13 août 2026

C'était une journée magnifique et Tadashi se sentait trop nauséeux pour en profiter. Comme quoi, il n'y avait vraiment pas de justice.

Au moins le poison monté sur piles qui lui servait de petit frère était trop occupé à faire ses devoirs de vacances pour l'enquiquiner – c'est tout de même marrant, savoir que lorsque septembre va arriver, Hiro sera toujours dans la même classe tandis que Tadashi sera passé en troisième.

La troisième, déjà. Dernière année de collège, après ça on passe au lycée – et franchement, il hésite encore entre la filière technologique et la filière scientifique. Fred n'aide pas vu qu'il opte fermement pour un diplôme littéraire – mine de rien, Tadashi s'inquiète un peu pour le monde des critiques, ces pauvres gusses n'ont encore aucune idée de ce qui va leur tomber sur le râble – Tante Cass n'aide pas vu qu'elle a juste envie de ne pas le voir suivre dans les traces de Grand-père, et les clients du café n'aident pas car leurs opinions partent dans tous les sens.

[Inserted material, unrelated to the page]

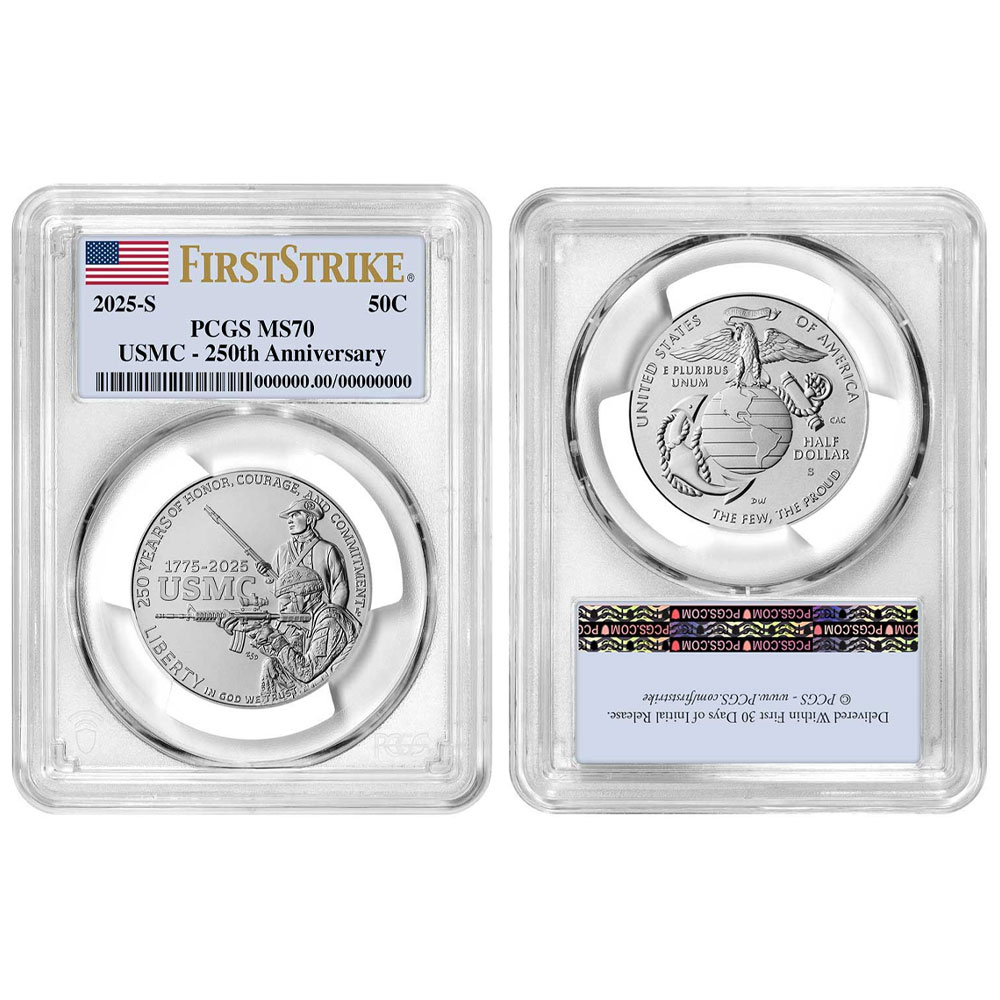 U.S. Marine Corps 250th Anniversary 2025 Proof Half Dollar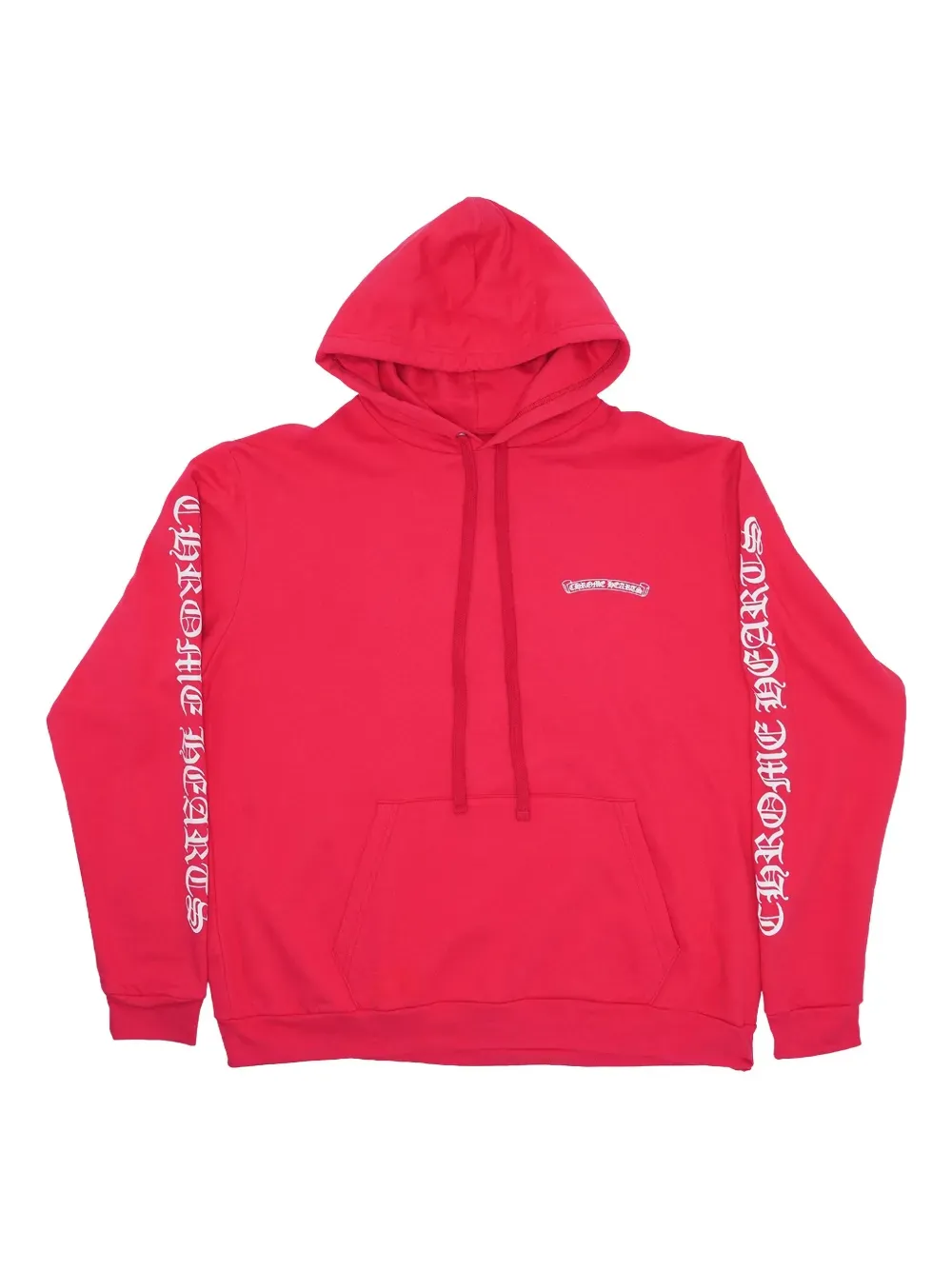 Chrome Hearts Hoodie Scroll Logo Red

Et dire qu'on encourage les enfants à grandir le plus vite possible. Ce qu'on oublie de leur dire, c'est qu'avec l'âge de raison arrive un monceau de responsabilités et de choix plus casse-têtes les uns que les autres.

Réfléchir à tout cela n'aidait vraiment pas l'envie de vomir à passer. Et il avait froid aussi, en délit du soleil radieux dehors – Tante Cass l'avait accusé de se payer sa fiole avant de lui prendre la température, et là elle lui avait sorti un duvet. Il avait froid malgré tout, allez comprendre.

Il ne savait pas pourquoi, il ne voulait pas essayer de dormir alors que c'était probablement la bonne marche à suivre. Rien que l'idée lui nouait l'estomac et couvrait son épiderme de sueur, au point qu'il avait déjà changé deux fois de pyjama.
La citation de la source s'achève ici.